*RECORDS*
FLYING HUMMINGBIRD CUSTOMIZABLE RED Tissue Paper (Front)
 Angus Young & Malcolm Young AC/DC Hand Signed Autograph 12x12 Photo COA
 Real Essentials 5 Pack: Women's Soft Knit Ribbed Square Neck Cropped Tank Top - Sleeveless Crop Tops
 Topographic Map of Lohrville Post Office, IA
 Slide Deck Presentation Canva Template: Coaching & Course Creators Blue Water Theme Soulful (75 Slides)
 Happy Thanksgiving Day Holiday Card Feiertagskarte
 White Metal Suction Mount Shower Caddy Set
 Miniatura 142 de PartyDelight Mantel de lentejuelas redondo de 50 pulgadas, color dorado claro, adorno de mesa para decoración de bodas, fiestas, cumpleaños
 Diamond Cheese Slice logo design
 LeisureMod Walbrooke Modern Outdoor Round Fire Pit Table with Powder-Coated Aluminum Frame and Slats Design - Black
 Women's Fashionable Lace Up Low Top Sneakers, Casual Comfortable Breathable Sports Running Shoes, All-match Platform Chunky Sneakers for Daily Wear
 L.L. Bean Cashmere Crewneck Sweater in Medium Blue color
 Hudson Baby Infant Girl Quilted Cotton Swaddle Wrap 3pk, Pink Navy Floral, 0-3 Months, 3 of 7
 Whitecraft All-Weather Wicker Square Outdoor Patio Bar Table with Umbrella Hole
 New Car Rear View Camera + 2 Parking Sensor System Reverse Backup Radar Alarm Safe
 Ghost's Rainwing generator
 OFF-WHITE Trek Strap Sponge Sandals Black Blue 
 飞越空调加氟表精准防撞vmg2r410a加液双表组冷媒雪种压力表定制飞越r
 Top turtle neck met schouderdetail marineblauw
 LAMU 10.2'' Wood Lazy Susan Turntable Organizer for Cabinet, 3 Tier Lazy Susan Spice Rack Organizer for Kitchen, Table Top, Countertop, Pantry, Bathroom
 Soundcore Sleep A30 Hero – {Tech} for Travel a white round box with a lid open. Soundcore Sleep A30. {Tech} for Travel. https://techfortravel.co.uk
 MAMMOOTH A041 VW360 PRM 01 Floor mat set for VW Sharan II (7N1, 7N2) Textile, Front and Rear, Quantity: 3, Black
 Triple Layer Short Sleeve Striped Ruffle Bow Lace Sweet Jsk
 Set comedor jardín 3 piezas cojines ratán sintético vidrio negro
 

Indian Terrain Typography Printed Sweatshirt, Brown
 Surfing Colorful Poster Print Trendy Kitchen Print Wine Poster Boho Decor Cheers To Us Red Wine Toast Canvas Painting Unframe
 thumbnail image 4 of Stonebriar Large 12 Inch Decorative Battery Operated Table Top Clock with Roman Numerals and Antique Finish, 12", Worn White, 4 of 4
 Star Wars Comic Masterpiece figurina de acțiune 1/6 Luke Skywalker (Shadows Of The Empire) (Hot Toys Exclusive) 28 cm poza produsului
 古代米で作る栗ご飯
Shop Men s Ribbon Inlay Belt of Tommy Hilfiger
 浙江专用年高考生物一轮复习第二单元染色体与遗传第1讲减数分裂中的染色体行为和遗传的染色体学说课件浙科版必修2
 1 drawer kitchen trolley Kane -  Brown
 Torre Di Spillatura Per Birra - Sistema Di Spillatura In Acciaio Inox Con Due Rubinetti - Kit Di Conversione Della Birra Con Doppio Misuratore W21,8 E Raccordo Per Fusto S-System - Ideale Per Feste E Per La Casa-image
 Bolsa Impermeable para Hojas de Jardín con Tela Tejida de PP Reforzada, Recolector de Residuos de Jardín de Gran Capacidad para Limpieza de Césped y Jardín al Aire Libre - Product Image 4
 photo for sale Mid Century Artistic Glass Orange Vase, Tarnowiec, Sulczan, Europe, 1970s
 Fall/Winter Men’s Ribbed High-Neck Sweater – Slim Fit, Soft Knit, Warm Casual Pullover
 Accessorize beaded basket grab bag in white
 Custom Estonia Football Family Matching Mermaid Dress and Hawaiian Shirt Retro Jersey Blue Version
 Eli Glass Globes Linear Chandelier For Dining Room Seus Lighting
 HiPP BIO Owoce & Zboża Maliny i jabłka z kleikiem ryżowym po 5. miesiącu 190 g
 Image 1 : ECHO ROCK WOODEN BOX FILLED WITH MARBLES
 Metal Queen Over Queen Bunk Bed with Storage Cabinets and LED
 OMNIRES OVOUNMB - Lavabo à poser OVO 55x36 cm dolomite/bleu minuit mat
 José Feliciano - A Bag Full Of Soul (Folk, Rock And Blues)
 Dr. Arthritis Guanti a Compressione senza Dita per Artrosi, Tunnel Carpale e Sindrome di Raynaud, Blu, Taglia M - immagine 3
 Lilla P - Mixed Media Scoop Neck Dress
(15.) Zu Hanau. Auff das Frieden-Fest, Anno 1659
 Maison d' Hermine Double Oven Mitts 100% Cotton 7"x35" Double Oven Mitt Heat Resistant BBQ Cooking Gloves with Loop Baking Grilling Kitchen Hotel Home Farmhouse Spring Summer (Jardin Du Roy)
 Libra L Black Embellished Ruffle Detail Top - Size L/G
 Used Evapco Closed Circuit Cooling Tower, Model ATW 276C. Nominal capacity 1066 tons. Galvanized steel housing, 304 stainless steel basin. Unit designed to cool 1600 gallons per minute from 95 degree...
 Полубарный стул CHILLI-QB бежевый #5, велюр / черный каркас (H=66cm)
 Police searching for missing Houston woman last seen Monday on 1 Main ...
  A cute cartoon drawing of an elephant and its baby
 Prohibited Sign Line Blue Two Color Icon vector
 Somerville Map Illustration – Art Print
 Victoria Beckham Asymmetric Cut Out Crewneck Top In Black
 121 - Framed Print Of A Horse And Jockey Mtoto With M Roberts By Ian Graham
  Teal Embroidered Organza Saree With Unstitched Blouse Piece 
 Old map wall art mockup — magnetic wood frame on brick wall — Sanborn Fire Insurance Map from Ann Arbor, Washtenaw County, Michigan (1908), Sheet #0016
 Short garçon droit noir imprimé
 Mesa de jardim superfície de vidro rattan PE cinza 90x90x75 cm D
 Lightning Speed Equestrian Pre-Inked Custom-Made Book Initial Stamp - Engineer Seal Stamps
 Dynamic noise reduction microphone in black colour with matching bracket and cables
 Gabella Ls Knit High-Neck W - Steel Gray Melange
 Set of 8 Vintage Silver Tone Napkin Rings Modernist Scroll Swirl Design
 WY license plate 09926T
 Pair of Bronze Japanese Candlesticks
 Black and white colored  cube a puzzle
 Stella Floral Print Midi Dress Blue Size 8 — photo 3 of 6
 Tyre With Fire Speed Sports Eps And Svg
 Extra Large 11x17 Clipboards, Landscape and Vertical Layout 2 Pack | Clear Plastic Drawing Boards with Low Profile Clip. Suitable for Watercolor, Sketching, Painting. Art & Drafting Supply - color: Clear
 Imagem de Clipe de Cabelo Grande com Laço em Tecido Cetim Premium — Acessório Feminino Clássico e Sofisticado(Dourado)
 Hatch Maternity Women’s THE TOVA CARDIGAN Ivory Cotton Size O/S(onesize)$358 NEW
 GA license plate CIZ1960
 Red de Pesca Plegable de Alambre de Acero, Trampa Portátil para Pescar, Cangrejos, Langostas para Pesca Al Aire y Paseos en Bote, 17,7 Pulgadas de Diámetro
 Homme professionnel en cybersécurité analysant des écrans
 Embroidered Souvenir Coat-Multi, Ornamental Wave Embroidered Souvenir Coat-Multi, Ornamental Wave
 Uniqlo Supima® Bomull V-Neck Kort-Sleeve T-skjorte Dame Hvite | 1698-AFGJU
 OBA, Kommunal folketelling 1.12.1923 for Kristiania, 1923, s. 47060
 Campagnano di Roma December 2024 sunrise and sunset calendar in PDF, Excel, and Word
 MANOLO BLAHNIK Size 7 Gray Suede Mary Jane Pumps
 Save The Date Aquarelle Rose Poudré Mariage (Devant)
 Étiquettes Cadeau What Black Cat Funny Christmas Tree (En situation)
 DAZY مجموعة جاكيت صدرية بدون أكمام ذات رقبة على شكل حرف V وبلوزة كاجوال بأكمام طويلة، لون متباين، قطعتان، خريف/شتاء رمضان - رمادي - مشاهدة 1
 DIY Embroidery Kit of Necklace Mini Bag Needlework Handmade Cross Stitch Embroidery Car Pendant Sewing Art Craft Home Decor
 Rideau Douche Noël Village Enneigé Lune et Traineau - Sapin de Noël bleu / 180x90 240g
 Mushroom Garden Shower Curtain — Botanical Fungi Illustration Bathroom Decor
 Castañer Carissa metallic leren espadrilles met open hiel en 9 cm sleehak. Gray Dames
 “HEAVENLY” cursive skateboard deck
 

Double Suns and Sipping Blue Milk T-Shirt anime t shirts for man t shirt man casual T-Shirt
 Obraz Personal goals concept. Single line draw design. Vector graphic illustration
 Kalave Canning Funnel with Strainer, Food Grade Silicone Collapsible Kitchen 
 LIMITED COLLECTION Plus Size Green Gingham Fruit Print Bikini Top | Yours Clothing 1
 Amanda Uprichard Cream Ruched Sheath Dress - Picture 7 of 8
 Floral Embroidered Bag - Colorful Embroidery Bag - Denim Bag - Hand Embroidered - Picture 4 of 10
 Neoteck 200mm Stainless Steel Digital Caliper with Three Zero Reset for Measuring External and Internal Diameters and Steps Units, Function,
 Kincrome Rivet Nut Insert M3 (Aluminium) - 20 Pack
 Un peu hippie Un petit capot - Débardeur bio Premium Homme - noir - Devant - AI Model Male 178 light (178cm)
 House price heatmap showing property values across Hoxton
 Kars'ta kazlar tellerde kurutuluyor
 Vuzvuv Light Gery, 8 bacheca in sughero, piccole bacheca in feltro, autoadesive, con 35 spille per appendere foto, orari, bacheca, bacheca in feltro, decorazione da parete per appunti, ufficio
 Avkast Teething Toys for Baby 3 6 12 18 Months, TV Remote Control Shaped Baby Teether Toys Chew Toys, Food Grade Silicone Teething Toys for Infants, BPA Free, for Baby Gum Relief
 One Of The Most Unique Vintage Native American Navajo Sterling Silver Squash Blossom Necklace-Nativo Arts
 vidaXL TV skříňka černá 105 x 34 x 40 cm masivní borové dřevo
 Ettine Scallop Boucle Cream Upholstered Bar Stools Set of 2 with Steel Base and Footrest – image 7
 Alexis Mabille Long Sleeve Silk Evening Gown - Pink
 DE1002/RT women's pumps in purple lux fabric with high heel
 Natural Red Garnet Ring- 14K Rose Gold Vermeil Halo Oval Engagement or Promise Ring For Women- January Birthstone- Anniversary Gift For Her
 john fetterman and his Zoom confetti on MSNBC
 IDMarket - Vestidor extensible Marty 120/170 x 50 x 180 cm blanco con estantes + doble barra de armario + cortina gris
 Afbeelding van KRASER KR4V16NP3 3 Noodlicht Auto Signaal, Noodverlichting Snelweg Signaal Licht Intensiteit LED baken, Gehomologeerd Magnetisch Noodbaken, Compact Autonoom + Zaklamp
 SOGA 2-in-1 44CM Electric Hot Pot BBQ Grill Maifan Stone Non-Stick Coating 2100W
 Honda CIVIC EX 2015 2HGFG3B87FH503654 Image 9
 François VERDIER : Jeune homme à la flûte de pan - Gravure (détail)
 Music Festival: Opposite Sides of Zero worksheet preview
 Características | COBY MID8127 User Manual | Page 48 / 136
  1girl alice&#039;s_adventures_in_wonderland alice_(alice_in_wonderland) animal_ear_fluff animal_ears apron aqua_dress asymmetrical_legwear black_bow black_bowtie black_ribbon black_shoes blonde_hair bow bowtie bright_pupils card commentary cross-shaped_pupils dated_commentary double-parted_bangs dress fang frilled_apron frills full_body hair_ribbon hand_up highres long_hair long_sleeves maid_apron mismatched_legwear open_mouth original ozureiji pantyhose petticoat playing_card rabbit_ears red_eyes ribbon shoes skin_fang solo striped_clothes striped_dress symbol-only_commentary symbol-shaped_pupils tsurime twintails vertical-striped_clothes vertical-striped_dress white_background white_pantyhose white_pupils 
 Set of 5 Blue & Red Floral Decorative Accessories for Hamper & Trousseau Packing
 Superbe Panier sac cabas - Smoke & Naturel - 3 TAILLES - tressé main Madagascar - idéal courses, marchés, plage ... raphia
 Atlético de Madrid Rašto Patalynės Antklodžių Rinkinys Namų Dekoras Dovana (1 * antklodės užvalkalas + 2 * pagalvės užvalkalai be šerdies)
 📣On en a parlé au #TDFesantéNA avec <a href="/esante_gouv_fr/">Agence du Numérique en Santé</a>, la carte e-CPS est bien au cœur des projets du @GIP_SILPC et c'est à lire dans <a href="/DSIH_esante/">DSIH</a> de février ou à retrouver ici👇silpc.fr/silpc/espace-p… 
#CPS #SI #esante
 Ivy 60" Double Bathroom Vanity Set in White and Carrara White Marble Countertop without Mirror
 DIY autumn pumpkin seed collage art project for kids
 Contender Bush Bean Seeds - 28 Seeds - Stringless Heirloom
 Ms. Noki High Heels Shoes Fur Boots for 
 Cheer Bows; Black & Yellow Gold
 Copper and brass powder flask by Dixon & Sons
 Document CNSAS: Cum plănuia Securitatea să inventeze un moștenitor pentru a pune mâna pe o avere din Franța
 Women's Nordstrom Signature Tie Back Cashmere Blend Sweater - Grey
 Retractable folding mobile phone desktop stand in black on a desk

*ASSIGNED TASK*
Give back, word for word, only the lines above from the line holding "Obraz Personal goals" to the line holding "Floral Embroidered Bag", both included.

*SOLVED EXERCISE*
 Obraz Personal goals concept. Single line draw design. Vector graphic illustration
 Kalave Canning Funnel with Strainer, Food Grade Silicone Collapsible Kitchen 
 LIMITED COLLECTION Plus Size Green Gingham Fruit Print Bikini Top | Yours Clothing 1
 Amanda Uprichard Cream Ruched Sheath Dress - Picture 7 of 8
 Floral Embroidered Bag - Colorful Embroidery Bag - Denim Bag - Hand Embroidered - Picture 4 of 10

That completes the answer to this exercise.